Una promesa que, declarada ante Dios, no solamente nos involucra a los declarantes, sino que reconoce e integra a Dios como un tercer participante en la ceremonia.
Es importante subrayarlo porque en la actualidad cada vez más (intencional o no) se reduce al matrimonio a una celebración social y se lo vive como un mero acuerdo contractual.
¿Cuál es la consecuencia? Pues que la promesa de amor hecha ante Dios borra a Dios del escenario y se convierte en una declaración entre dos voluntades a la usanza de un contrato o convenio.

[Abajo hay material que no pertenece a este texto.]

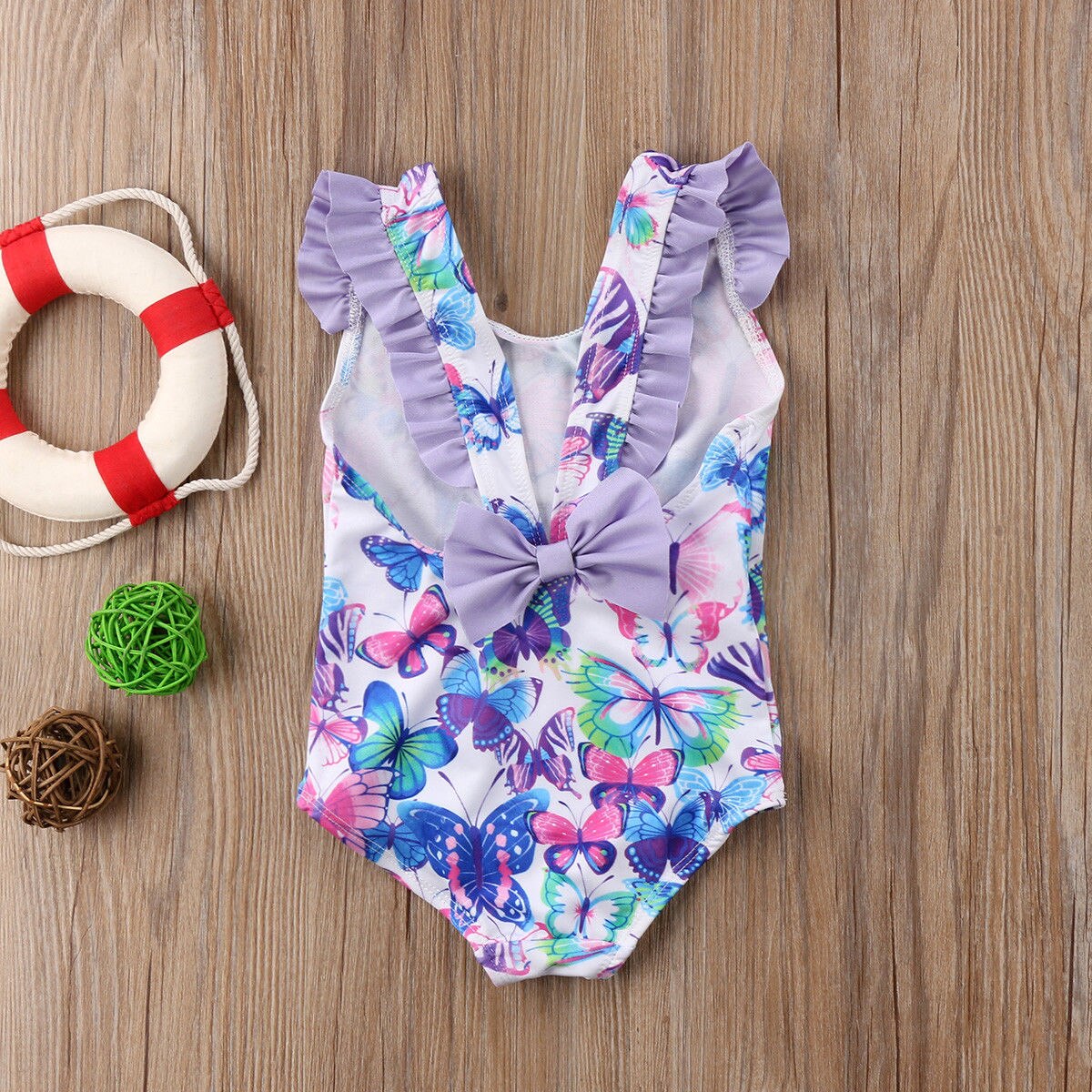 Summmer One Piece Baby Girl Flower butterfly Print Bathing Suit Backless Swimwear Cute Kids Ruffles Swimming Swimsuit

Esto tiene un escollo en partida doble: por un lado, se confunde al amor como un equivalente a cualquier objeto de transacción entre voluntades y; por otro lado, se desacraliza al matrimonio.
Un ejemplo de ello son afirmaciones como estas: “me caso y si me va mal nos separamos” al fin y al cabo “soy libre para romper acuerdos cuando ya no me satisfacen”. Muchas veces las razones que han tenido estas personas para casarse por la Iglesia van desde “por la fiesta”, “por la ilusión de vestirme de blanco” hasta por el simple “dar gusto a mis padres”.
Es evidente que, en estos casos, el matrimonio ha sido comprendido como una promesa humana que elimina la presencia de Dios y por tanto, se comprende que pueda modificarse o rescindirse sin mayor problema pues depende exclusivamente de dos voluntades.
Muchas personas en la actualidad refutan con decenas de argumentos lógicos la radicalidad de: “Lo que Dios ha unido el hombre no debe separarlo” pero creo que es un error partir de una mentalidad de rechazo o de aceptación, pues por concentrarnos en razonar sobre él, argumentar o tomar postura, olvidamos de investigar el sentido profundo de tales palabras: la implicación de un Dios amoroso en el vínculo humano. Una clave que quizá nos permita comprender la unidad que evocan estas palabras “… y serán los dos una sola carne».